## WORK ORDER
Each entry below is to be given again word for word, with no pictures.

## DATA TO USE
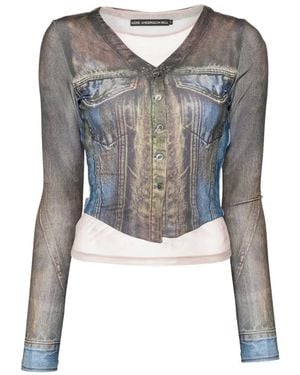 ANDERSSON BELL Denim-Print Layered Blouse - Blue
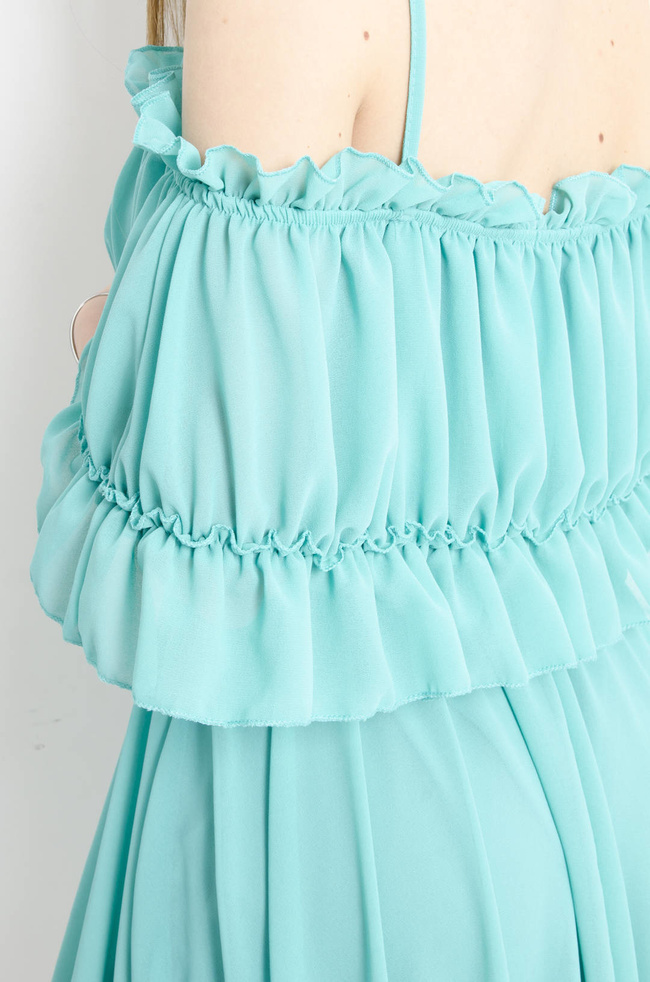 SUKIENKA HISZPANKA Z FALBANAMI - ZIELONA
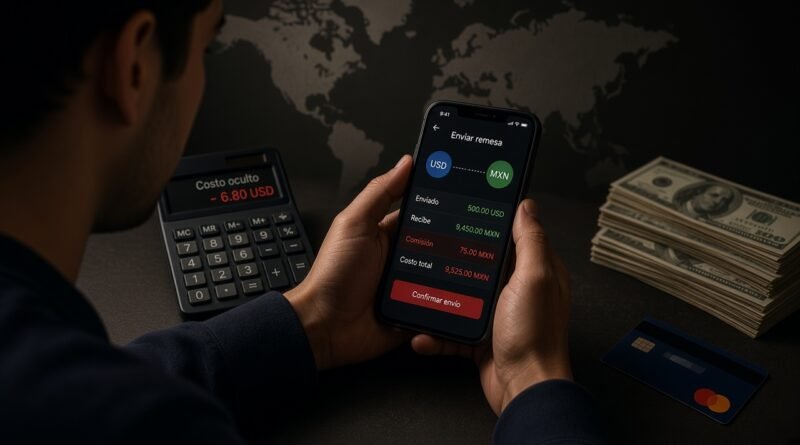 Foto realista de portada: hombre joven de medio cuerpo mirando un smartphone con app de remesa, calculadora mostrando “costo oculto”, billetes de dólar y tarjeta. Fondo con mapa mundial, iluminación dramática y estilo profesional horizontal.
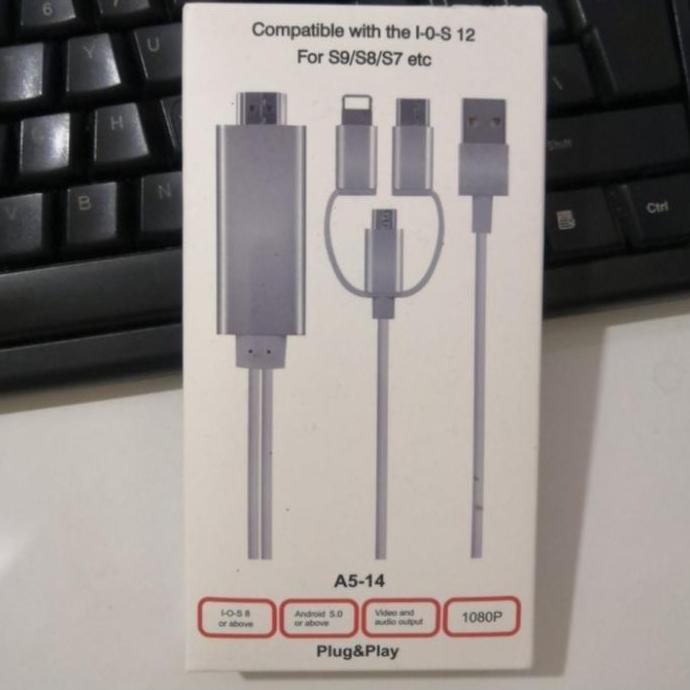 Nyui- Kabel Mirascreen / Kabel Mirrng Ke Tv / Support Semua Non Mhl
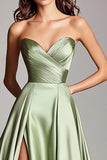 A Line Dusty Sage Sweetheart Ruched Long Prom Dress with Slit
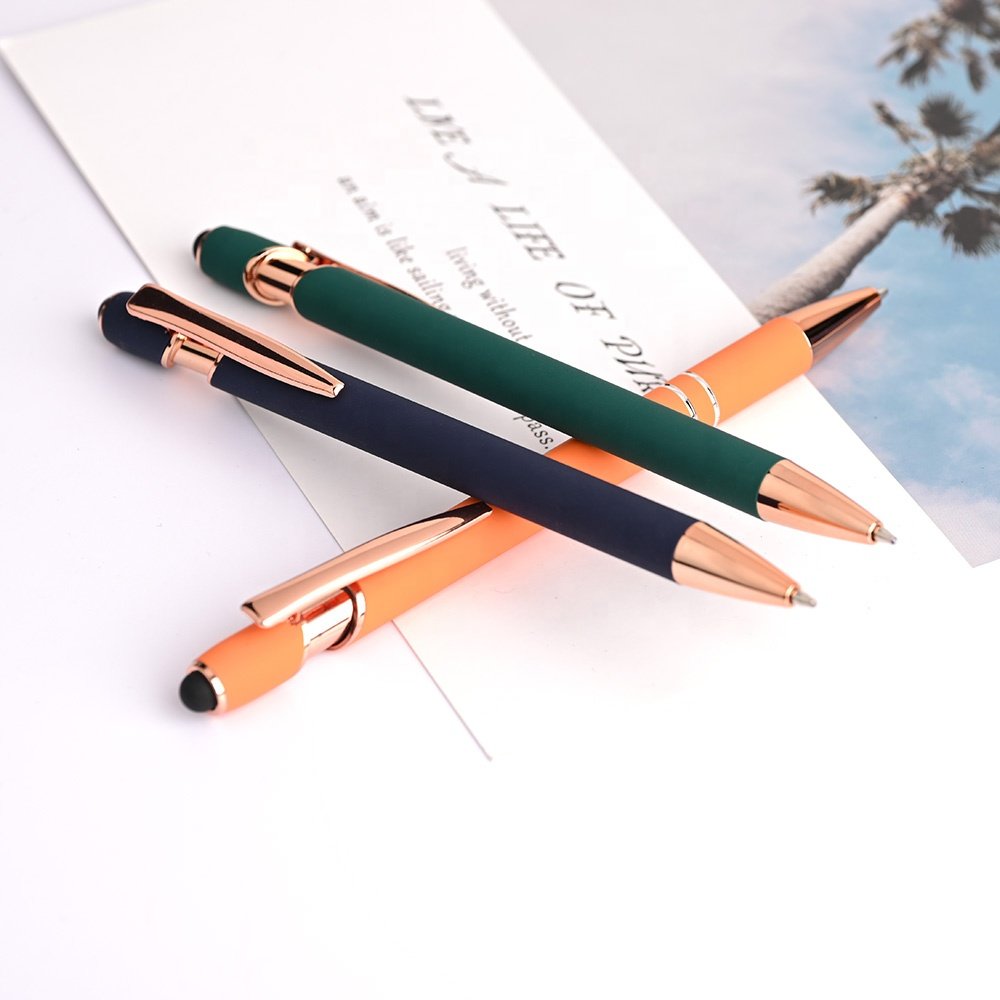 Hot Sales Promotional Soft Rubber Touch 2 in 1 Metal Stylus Pen Rose Gold Ballpoint Pen with Engraved Logo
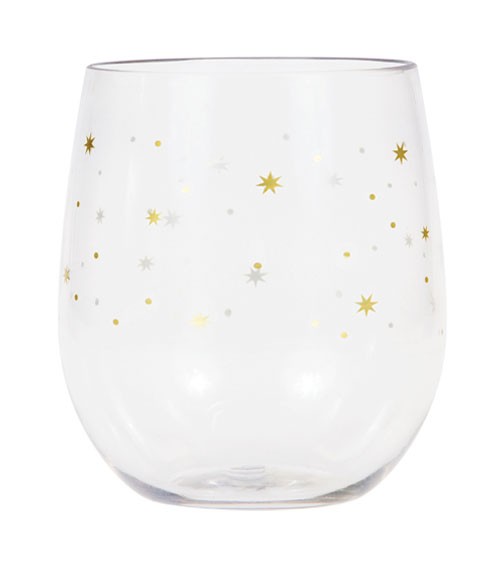 Plastikglas "Goldene Sterne"
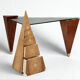 Bureau triangulaire sculptural – Pièce unique en loupes précieuses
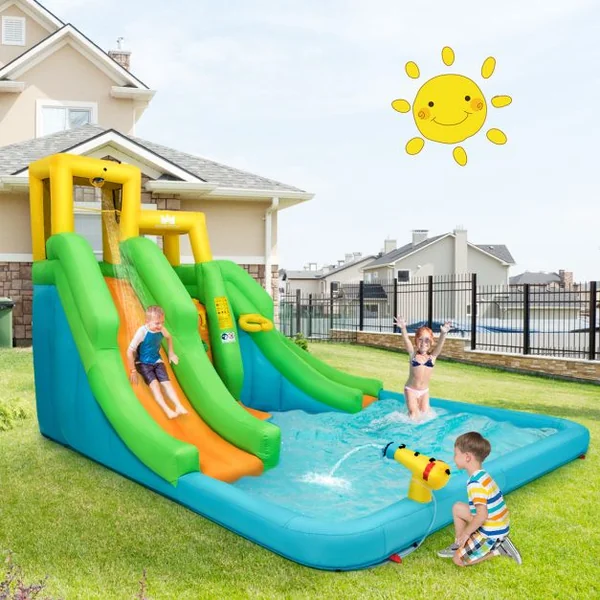 5 en 1 Château Gonflable Enfants avec Toboggan Double Parc Aquatique Gonflable Charge 159kg pour 3 Enfants de 3-10 Ans avec Ventilateur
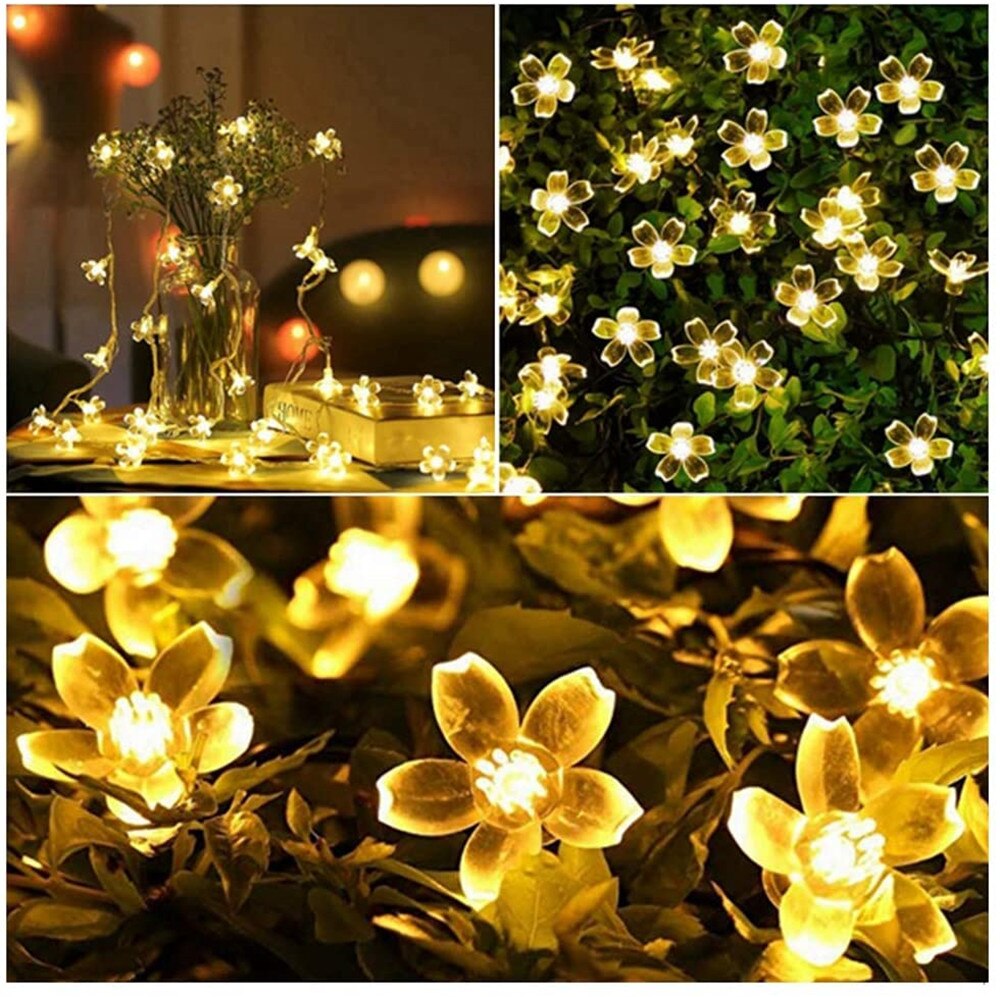 Christmas Decorations String Lights Waterproof 10/20/30leds Cherry Blossoms Peach Flower Fairy Garland for Tree Garden Fence: Warm White / 3M 30leds / USB Powered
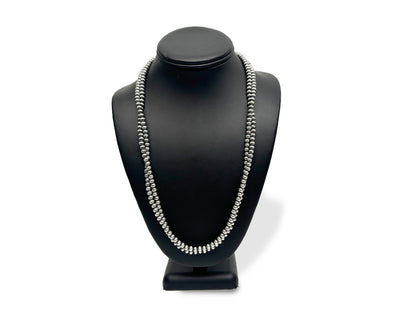 5mm Sterling Silver Navajo Pearls | Authentic Native American Handmade Necklace | Length 14"-96"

## ANSWER TO THE PROBLEM
 ANDERSSON BELL Denim-Print Layered Blouse - Blue
 SUKIENKA HISZPANKA Z FALBANAMI - ZIELONA
 Foto realista de portada: hombre joven de medio cuerpo mirando un smartphone con app de remesa, calculadora mostrando “costo oculto”, billetes de dólar y tarjeta. Fondo con mapa mundial, iluminación dramática y estilo profesional horizontal.
 Nyui- Kabel Mirascreen / Kabel Mirrng Ke Tv / Support Semua Non Mhl
 A Line Dusty Sage Sweetheart Ruched Long Prom Dress with Slit
 Hot Sales Promotional Soft Rubber Touch 2 in 1 Metal Stylus Pen Rose Gold Ballpoint Pen with Engraved Logo
 Plastikglas "Goldene Sterne"
 Bureau triangulaire sculptural – Pièce unique en loupes précieuses
 5 en 1 Château Gonflable Enfants avec Toboggan Double Parc Aquatique Gonflable Charge 159kg pour 3 Enfants de 3-10 Ans avec Ventilateur
 Christmas Decorations String Lights Waterproof 10/20/30leds Cherry Blossoms Peach Flower Fairy Garland for Tree Garden Fence: Warm White / 3M 30leds / USB Powered
 5mm Sterling Silver Navajo Pearls | Authentic Native American Handmade Necklace | Length 14"-96"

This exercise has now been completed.